All Forums Tools
Gupta_Pieeater 8 posts Joined 12/14
19 Mar 2015
TPT - Delimited Data Parsing error: Invalid multi-byte character

I am developing a TPT load (Unix envirnoment) for a data file (with UTF-8 encoding) to populate a Teradata table with columns defined as VARCHAR() CHARACTER SET UNICODE. One character in the data file is causing my load to fail. If I remove this character the load completes successfully.
When the data file is viewed via Winscp the problem character appears as a square box, when I copy and paste the character into a Word document it appears as a "smiley face" emoji/emoticon type thing. Winscp details the following attributes for the character: character 55357 (oxD83 encoding utf-8)
whilst a bit of a googling suggests the following character 55357, unicode code point U+D83D, UTF-8 (Hex) ed a0 bd 
I'm afraid this means nothing to me, what do I need to do to ensure that the TPT load job doesn't fail for these spurious UTF-8 characters which appear not to be supported by Teradata UTF-8 Unicode character set ? I don't want to pre process the file to remove this specific character as tomorrow I could easily receive a file with a different problem character.
Thanks for any assistance
 
 
 

feinholz 1234 posts Joined 05/08
24 Mar 2015

When you want assistance, it is always a good idea to provide:
1. the version of TPT you are using
2. the actual failure (is it a DBS failure? a TPT failure)
 
The word "fail" can mean many things.
Did the job complete bu the row(s) with the aforementioned character end up in the error table?
If so, that would indicate the character is not supported by Teradata.
Did TPT fail?
If so, what was the error message?
 

--SteveF

rai.sandeep03 2 posts Joined 08/15
17 Aug 2015

Hi ,

 

I am also getting similar error due to emoji/emoticons in data .

 

FILE_READER: TPT19134 !ERROR! Fatal data error processing file 'users/data/tgtfiles/rep_t_hit.out'. Delimited Data Parsing error: Column length overflow(s) in row 230.

 

 

FILE_READER: TPT19003 TPT Exit code set to 12.

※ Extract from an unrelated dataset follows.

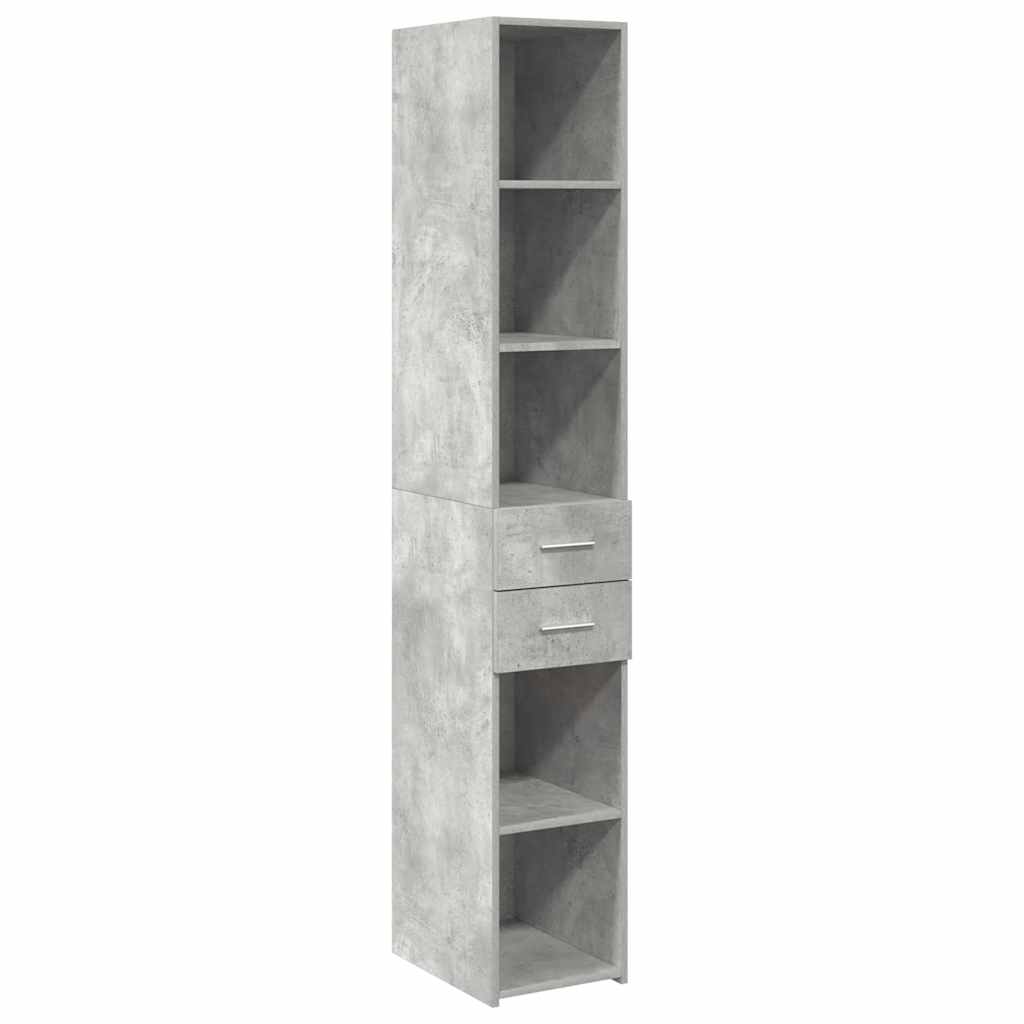 Armoire de rangement mince gris béton 30x42,5x225 cm - XIOS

TPT_INFRA: TPT02255: Message Buffers Sent/Received = 0, Total Rows Received = 0, Total Rows Sent = 0

FILE_READER: Total files processed: 0.

LOAD_OPERATOR: Total processor time used = '0.337322 Second(s)'

LOAD_OPERATOR: Start : Mon Jul 20 13:41:55 2015

LOAD_OPERATOR: End   : Mon Jul 20 13:42:04 2015

Job step insert_data terminated (status 12)

Job rep_t_hit_85912063 terminated (status 12)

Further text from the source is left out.